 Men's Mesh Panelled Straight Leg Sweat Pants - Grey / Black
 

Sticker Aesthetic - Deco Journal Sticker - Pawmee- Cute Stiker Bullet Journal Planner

- - -

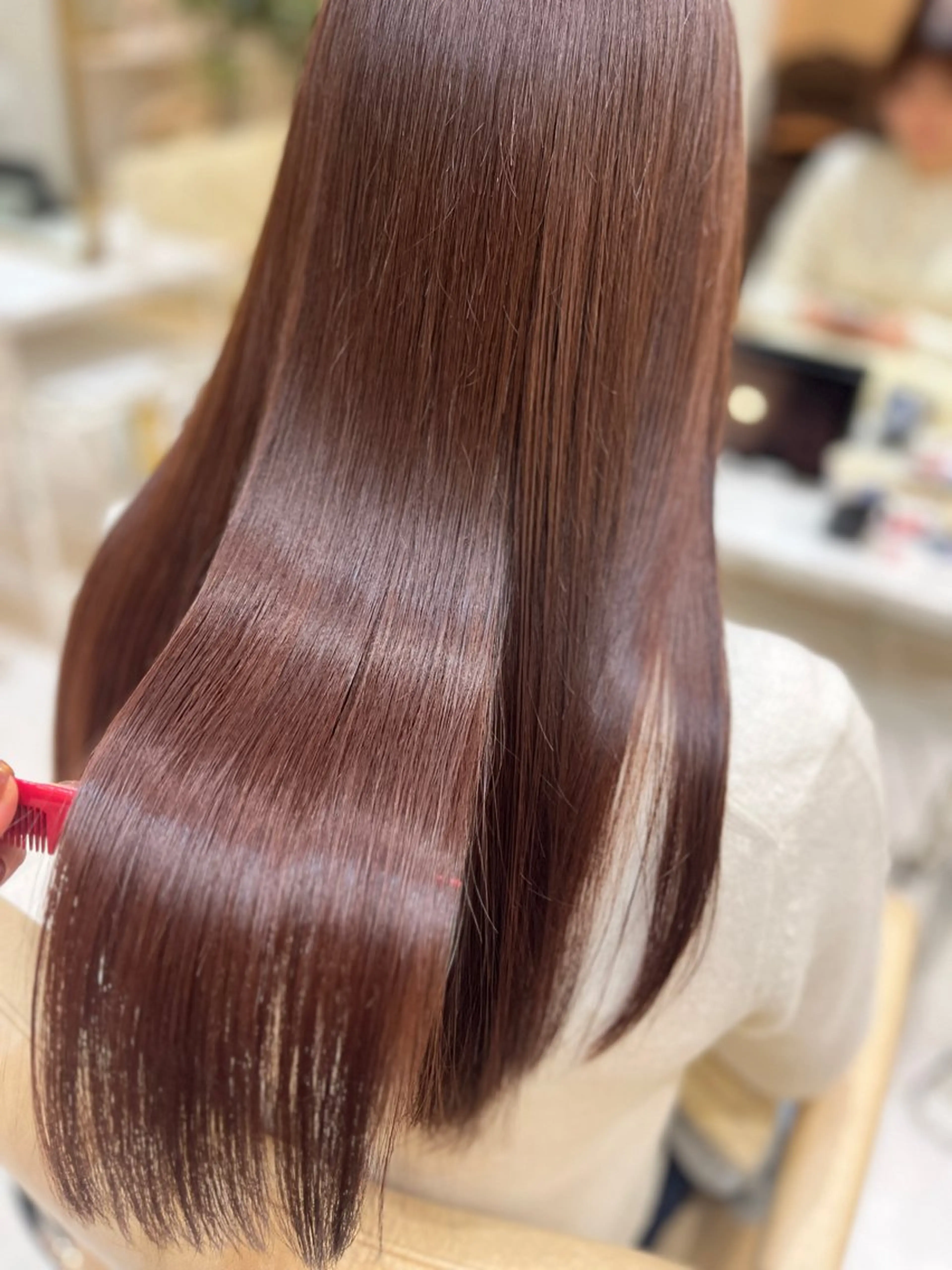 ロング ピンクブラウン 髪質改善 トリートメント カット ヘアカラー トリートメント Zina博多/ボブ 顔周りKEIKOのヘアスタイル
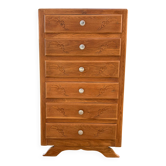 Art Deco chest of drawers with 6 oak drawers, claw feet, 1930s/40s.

- - -

**TASK INSTRUCTIONS**
For this task, write out exactly the lines of the entries above, starting at the line with "Men's Mesh Panelled" and ending at the line with "Sticker Aesthetic - Deco", both included, and no others.

**OUTPUT OF THE TASK**
 Men's Mesh Panelled Straight Leg Sweat Pants - Grey / Black
 

Sticker Aesthetic - Deco Journal Sticker - Pawmee- Cute Stiker Bullet Journal Planner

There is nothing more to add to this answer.